- [Exercise prompt] Could you transcribe exactly the lines below, from the line with "league of grafics" through the line with "Sony WF-C510 Truly Wireless Earbuds | Black", and nothing else, leaving out the pictures?

- [Source information]
------------------------------------------------------------------------

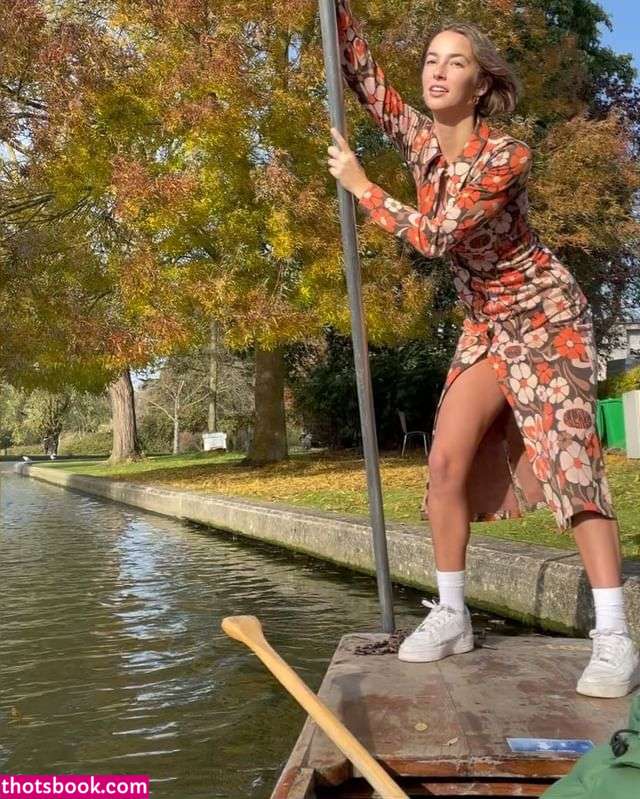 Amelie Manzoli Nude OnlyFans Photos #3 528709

------------------------------------------------------------------------

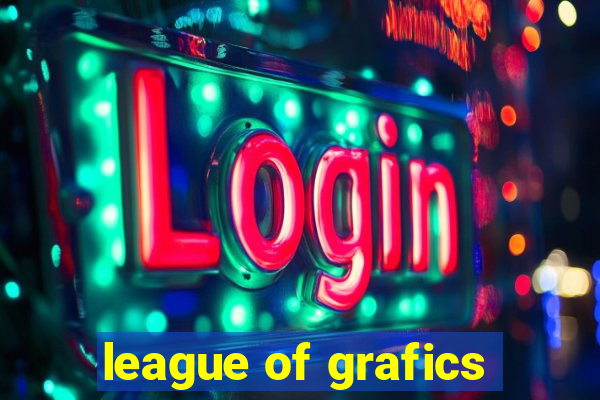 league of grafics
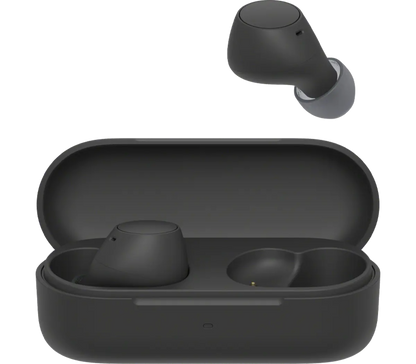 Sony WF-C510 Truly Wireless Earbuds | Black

------------------------------------------------------------------------

- [Task result]
 league of grafics
 Sony WF-C510 Truly Wireless Earbuds | Black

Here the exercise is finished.